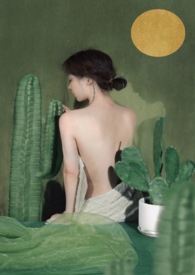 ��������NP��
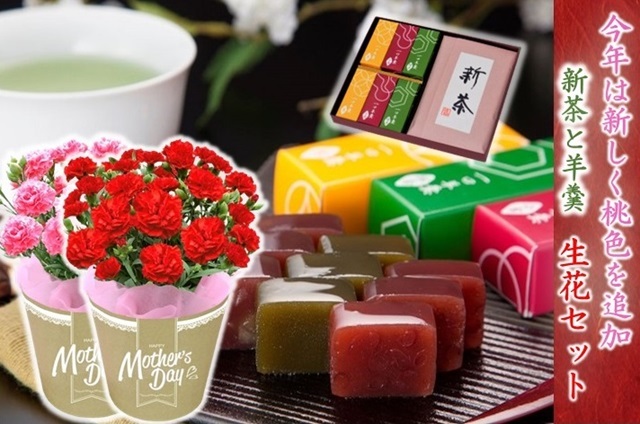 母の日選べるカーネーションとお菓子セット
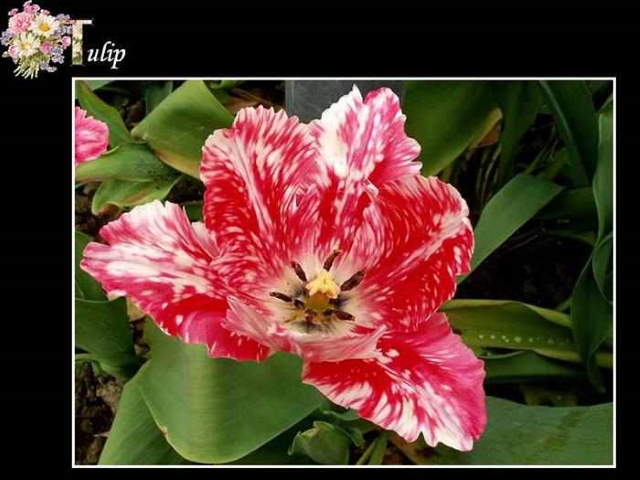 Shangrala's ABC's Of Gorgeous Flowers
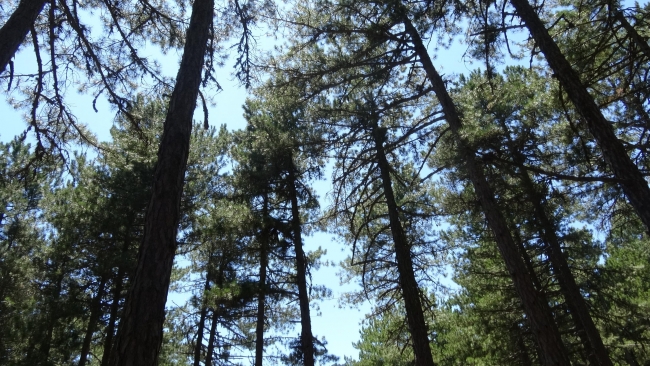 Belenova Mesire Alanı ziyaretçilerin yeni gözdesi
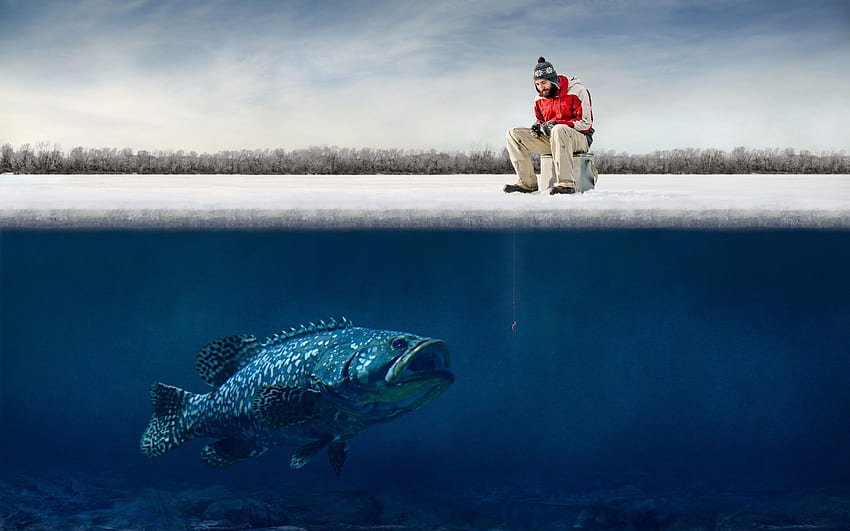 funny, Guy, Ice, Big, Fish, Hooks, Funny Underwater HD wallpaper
==
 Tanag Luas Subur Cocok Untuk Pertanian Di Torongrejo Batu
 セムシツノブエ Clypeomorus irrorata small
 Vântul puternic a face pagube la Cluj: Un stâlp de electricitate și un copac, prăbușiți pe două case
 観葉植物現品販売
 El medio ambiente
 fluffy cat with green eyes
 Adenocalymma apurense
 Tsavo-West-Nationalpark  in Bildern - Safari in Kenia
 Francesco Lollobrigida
==
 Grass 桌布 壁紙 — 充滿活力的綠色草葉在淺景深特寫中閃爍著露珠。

TO DO: Reproduce exactly the section above that begins at the line containing "Safari in Kenia" and ends at the line containing "Francesco Lollobrigida", leaving out all other lines.

TASK SOLUTION:
 Tsavo-West-Nationalpark  in Bildern - Safari in Kenia
 Francesco Lollobrigida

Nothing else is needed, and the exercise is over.